O döneme kadar çoğunlukla sanatçı veya grubun ‘net’ bir fotoğrafı ve adının kocaman yazılması yeterliydi.
Daha ‘sanatsal’ veya daha ‘modern’ kapaklar için kapılar 1960’ların sonunda tamamen açılmıştı.

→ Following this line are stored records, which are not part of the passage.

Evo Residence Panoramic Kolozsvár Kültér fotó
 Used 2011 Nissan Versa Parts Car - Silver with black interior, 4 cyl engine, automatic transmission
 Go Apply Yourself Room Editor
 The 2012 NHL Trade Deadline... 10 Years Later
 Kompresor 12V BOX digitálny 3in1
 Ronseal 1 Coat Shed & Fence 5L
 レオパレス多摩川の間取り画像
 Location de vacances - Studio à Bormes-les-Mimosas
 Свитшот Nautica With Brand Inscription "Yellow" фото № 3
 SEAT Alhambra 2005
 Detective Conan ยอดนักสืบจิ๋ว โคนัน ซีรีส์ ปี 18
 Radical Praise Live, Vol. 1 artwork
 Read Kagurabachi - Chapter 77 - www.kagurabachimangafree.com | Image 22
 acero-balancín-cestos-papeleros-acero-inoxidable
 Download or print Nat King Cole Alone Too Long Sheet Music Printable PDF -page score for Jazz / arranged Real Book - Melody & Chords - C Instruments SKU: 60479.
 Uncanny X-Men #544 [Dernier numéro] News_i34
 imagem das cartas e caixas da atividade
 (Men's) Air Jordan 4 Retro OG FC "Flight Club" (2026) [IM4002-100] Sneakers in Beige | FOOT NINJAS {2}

1960’lara kadar plak şirketlerinin “Dalga mı geçiyorsun sen bizimle? Şuurunu nerede kaybettin?” diye karşılayacağı öneriler gerçekleşir hale geldi zamanla. Mesela 1970’lerde Bob Dylan, The Who, Cat Stevens ve Joni Mitchell gibi sanatçılar, gruplar albüm kapaklarında kendi çizimlerini kullanacak hale gelmişti ki; eski devirlerde teklif edilmesi bile düşünülemezdi.
Bob Dylan’ın çizgilerini The Band’in (Music From Big Pink’de), Joni Mitchell’ın çizgilerini Crosby, Stills, Nash & Young’ın (So Far’da) kullandıklarını da hatırlatmak gerek; haklarını yemeyelim…
Çok ünlü sanatçıların da çok ünlü kapak çalışmaları ortaya çıkmaya başlamıştı. The Velvet Underground’un ‘hamisi’ Andy Warhol’un gruba hazırladığı meşhur ‘Muz’ kapağı bu bahiste ilk akla gelen kapaktır herhalde.
SANSÜRLÜ KAPAKLAR
Favorilerimden biri de ‘underground comics’in öncü ismi Robert Crumb’ın Big Brother & The Holding Company’nin ‘Cheap Thrills’ albümüne yaptığı kapak çalışmasıdır. Böbürlenmek gibi olmasın, bu kapak çalışmasının sanatçı tarafından üretilmiş ‘giclee baskısı’nı yıllardır evin göbeğinde sergilemekteyim…
Sansürlenen kapaklar da elbette gecikmedi. En akılda kalanları Blind Faith’in ‘Blind Faith’ albümünün kapağı ve Jimi Hendrix’in ‘Electric Ladyland’ kapağı. Hoş Hendrix’in kapağı sadece ABD’de yasaklandı, Blind Faith’in ‘uçak tutan çıplak ergen kız’ kapağı da bir şekilde hâlâ ulaşılabilen kapaklardandır.
Ama en meşhur ‘yasaklı kapak’ elbette The Beatles’ın ‘Yesterday And Today’idir. Yasaklanan ve ‘butcher boy’ olarak anılan kapakta The Beatles elemanları kanlı bir ortamda kesilmiş oyuncak bebekler ve etler içinde gülümserler. Kapağı yasaklamak plak şirketinin baygınlık geçiren yöneticilerinin fikridir. Sansür kararı çıkana kadar basılan plaklardan birine sahip olmak küçük çaplı bir servete sahip olmak manasına geliyor. İyi vaziyette bir ‘butcher boy’a binlerce ve binlerce dolar değer biçiliyor...
Bir de fotoğrafçılara selam çakarak bu geniş geniş incelenmesi gereken ve epeyce de incelenen konuyu toparlamak gerekiyor ufaktan.
Joel Brodsky’nin Jim Morrison fotoğrafları, Nirvana’nın Nevermind kapağındaki Kirk Weddle fotoğrafı, Björk’un ‘Post’ta kullandığı Stephane Sednaoul çalışması, Anton Corbijn’ın U2 çalışmaları unutulmaz. Geri dönmek üzere kapanacak konulardan biri. Bak Stanley Donwood’dan nerelere geldik kıymetli okur...
Velvet Underground’un Warhol imzalı meşhur albüm kapağı.
Beatles bile bu kapak yüzünden sansürden kurtulamadı.